おじさんの雑記帳 

「20世紀少年」の感想文そのほか 寺本匡俊 1960年生 東京在住

下宿館 (20世紀少年 510回)

 第16集の123ページは、「ヤッくん、ごはんよー」という声から始まる。こういうふうに誰かの家族が呼びに来るまで、私たちは原っぱや田んぼで遊んでいたのだ。前に引用したブルース・スプリングスティーンの「No Surrender」にも、うちに帰っておいでと呼ぶ姉さんたちの声が聞こえるという歌詞が出てくる。

 次の「ターケヤ、サオダケ―」については、近ごろベストセラーのタイトルにもなったとおり、信じがたいことに全滅していないらしい。先週も、その声その節を聞いた。さお竹は古くなると、かつては私たちの竹馬としてリサイクルされるのであった。


 その次の「カエルが鳴くからかーえろ」は、いかにも夕暮れ時らしい短調のきれいなフレーズで、帰宅する必要があるのは、たぶん雨が降るからではなく、蛙が暗くなると鳴き始めるからだと思う。これを唄うカツオら男の子たちは、みんな下着のシャツ姿であり、ケロヨンやオッチョの少年時代よりも親の所得水準が明らかに低い。

 街頭テレビでプロレスを観ようと誘われたカツオは、ちょっと困った表情で、夕ごはんだから帰らなくてはと断っている。彼は晩飯時にやらなければならない大事な使命があるのだが、友達にも言えない事情があるのだ。断られたほうは、カツオの付き合いが悪くなったのも、彼の家が最近テレビを買ったからだと解釈した。父ちゃんがポンコツをもらったのだとカツオは反論している。


 テレビの放送が始まったのは、私が生まれる前だが、一般家庭にテレビの受信機が普及したのは、統計資料を見たことがないけれど、1959年の皇太子ご成婚がきっかけだったと信じられている。ちなみに、フクベエ少年の部屋にペナントが飾ってあった東京タワーがテレビ塔として開業したのが1958年。今も昔もタワーは観光名所だ。

 私が幼かった1960年代は、すでに周囲の殆どの家庭にテレビが一台あったが、カラーテレビは、一番裕福な親戚の家だけだったのを今でも覚えている。わが家にカラーテレビが導入されたのは、引っ越しと同時だったので記憶しているのだが1970年のこと。大阪万博の最中だった。なお、日本最古の携帯電話は、大阪万博で披露されたらしい。2000年ごろの一時期、ケータイの電話機は過当競争で無料になり、帰国したオッチョを驚かせている。隔世の観あり。

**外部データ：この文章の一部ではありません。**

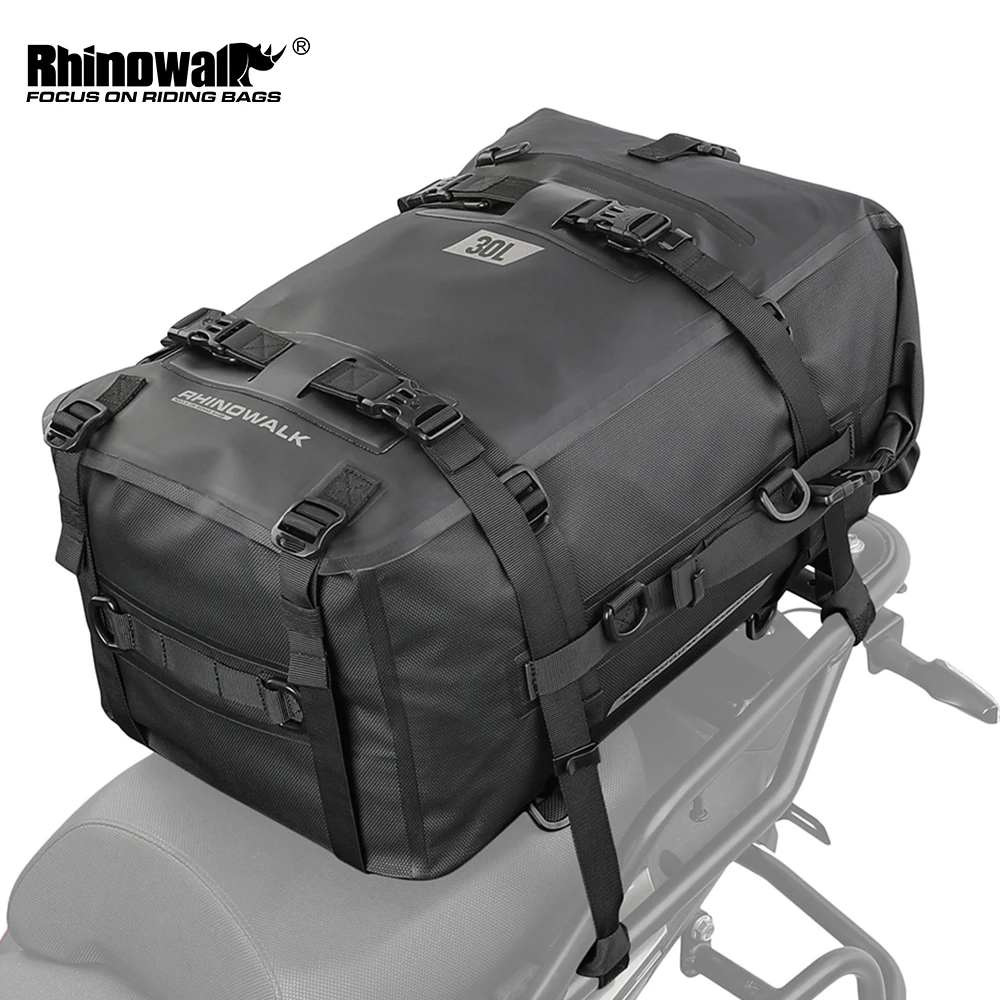 Rhinowalk Motorcycle Rear Seat Bag Waterproof Bag 8L 15L 30L Motorbike Tail Bag Universal Travel Pannier Saddle Bag Accessories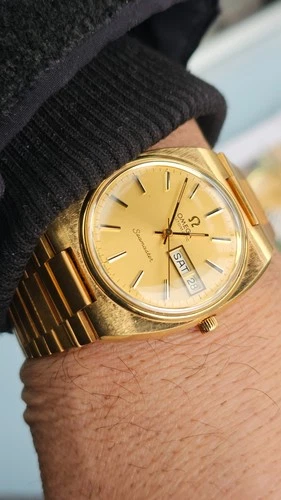 Vintage Omega Seamaster Day-Date Gold Dial Men's Automatic Watch 1977
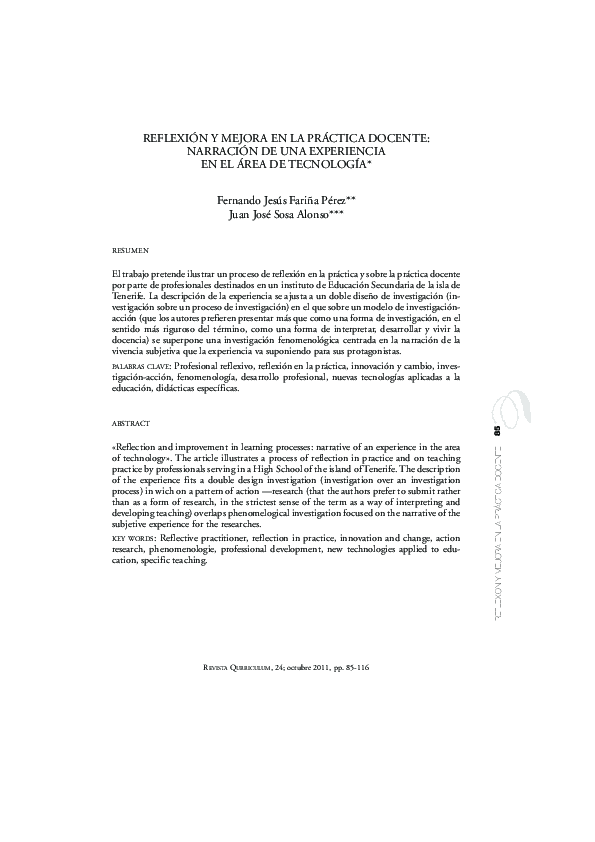 (PDF) Reflexión y mejora en la práctica docente: narración de una ...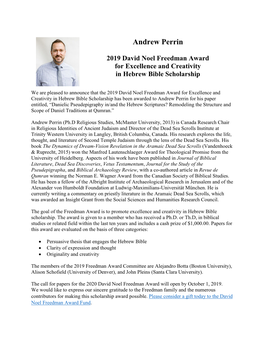 Andrew Perrin 2019 David Noel Freedman Award for Excellence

 カツオが家路を急いで駆け抜けていく路地に、「下宿 大山館」という看板がかかっている。学生相手の下宿という業種は、今もあるのだろうか? 少なくとも、ここ東京では親元離れて大学などに通う若者は、どうやらワンルーム・マンションに住んでいる様子である。

 下宿とは畳敷きで風呂なし、水道と便所は共用、電気はあるがガスは無く、電話は呼び出し、エアコンなど夢のまた夢。それが私たちの時代の、多くの学生の暮らし振りだった。私は京都で学生時代の4年間を過ごしたが、夏は暑いし冬は底冷えが厳しく、当時は若かったから生き抜いたものの、今では一年と持つまい。京都の人は余所者に冷たいと聞いていたが、少なくとも下宿人やアルバイトの学生には、とても親切で優しく、一度も嫌な思いをしたことがない。


 「大山館」は、ずっと前にも話題にしたが、1970年ごろ週刊少年マガジンに連載されていた松本零士作「男おいどん」の主人公、大山昇太に由来する。ここに断言して宜しい。彼が住んでいた「下宿館」のばあさんと、ラーメン屋のおじさんは人物ができていた。私の倫理観、価値観は、彼らの影響を受けている。今も私の実家に単行本がそろっていて、ときどき読む。

 カツオ一家の家族構成は、彼と姉、ご両親、じいちゃんの5人。このじいちゃんが、なかなかいい味を出しており、孫のカツオとのコンビネーションも問題なし。何だかんだと言い合いながら、陰惨極まる「ともだち暦」時代の荒波を乗り越えていくことになる。